Quiere hablar con ellos, quiere hablar con ellos, quiere hablar. No podía oír otra cosa. Aturdida por la revelación, se acercó a la tele para coger el paquete de cigarrillos. Sacó uno y una llama brotó ante su cara, como un cohete lanzado por el encendedor del señor Friskin.

– ¿Sabe por qué? -insistió el abogado-. ¿Se le ocurre algún motivo?

Ella negó con la cabeza. Utilizó el cigarrillo, el inhalar, la misma actividad de fumar, como razón para no hablar. El señor Friskin la contemplaba con tranquilidad. Jeannie esperó a que hiciera otra pregunta o le ofreciera su opinión experta sobre la explicación del comportamiento inexplicable de Jimmy. No lo hizo. Se limitó a mirarla fijamente a los ojos, como diciendo sabe sabe sabe señorita Cooper, con tanta eficacia como si hablara en voz alta. Jeannie se refugió en el silencio.

– Ellos darán el paso siguiente -dijo por fin Friskin-. Cuando ocurra, yo estaré allí. Hasta entonces… -Sacó las llaves del coche del bolsillo de los pantalones y caminó hacia la puerta-. Telefonéeme si cree que debemos hablar de algo.

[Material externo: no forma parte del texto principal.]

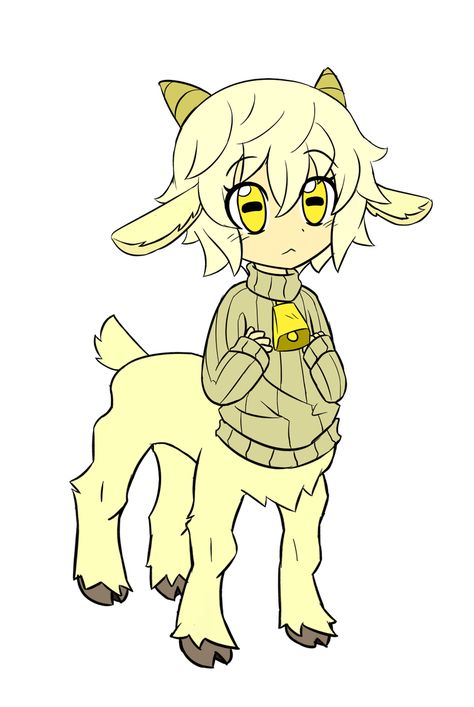 Cow Bell Drawing, Sweater White Background, Goat Ears, Anime Centaur, Cartoon Character Costume, Goat Horns, Cute Goats, Cow Bell, Art Characters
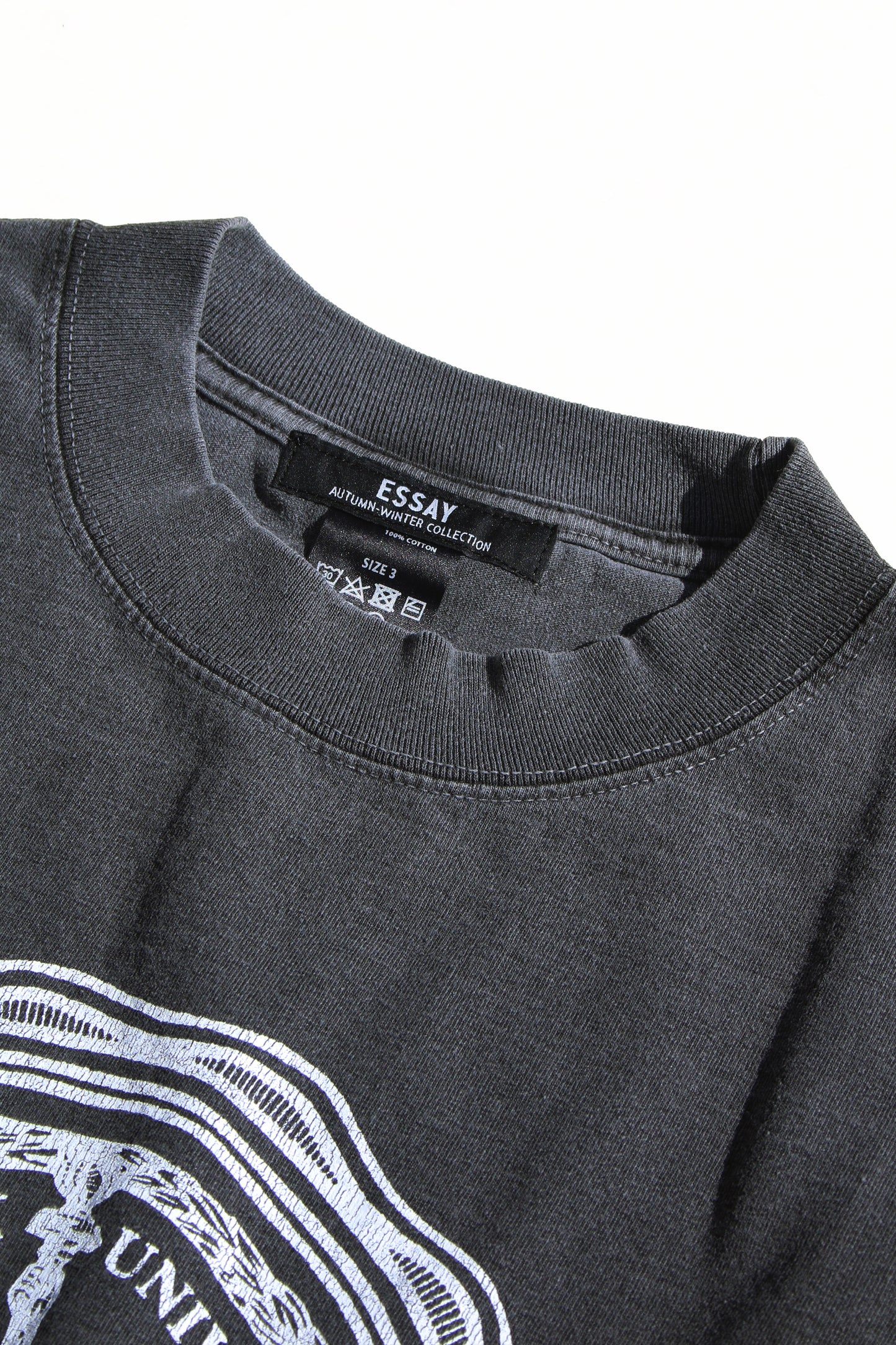 ESSAY PIGMENT DROPSHOULDER T-SHIRT - CHARCOAL NEW FOLK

Jeannie asintió. El hombre se marchó.

Se quedó junto a la tele como un autómata. Pensó en Jimmy en la sala de interrogatorios. Pensó en Jimmy, ansioso por hablar.

– Todos los chicos son un poco raros -le había dicho Kenny una tarde en el dormitorio, repantigado en la cama con la pierna derecha formando un cuatro con la izquierda. Las cortinas estaban corridas para protegerse del sol de mediodía, que se filtraba por ellas y alteraba el color de sus cuerpos. El de Kenny era tostado, abultado por músculos que esculpían su piel, y estaba tendido sobre las almohadas, con un brazo pasado por debajo de la cabeza, como si fuera a quedarse para siempre. Cosa que no iba a hacer. Y ella lo sabía. Kenny recorrió con la mano su espalda y acarició su nuca con los dedos-. ¿No te acuerdas cómo éramos cuando teníamos su edad?

– Tú me hablabas -contestó Jeannie-. Él no.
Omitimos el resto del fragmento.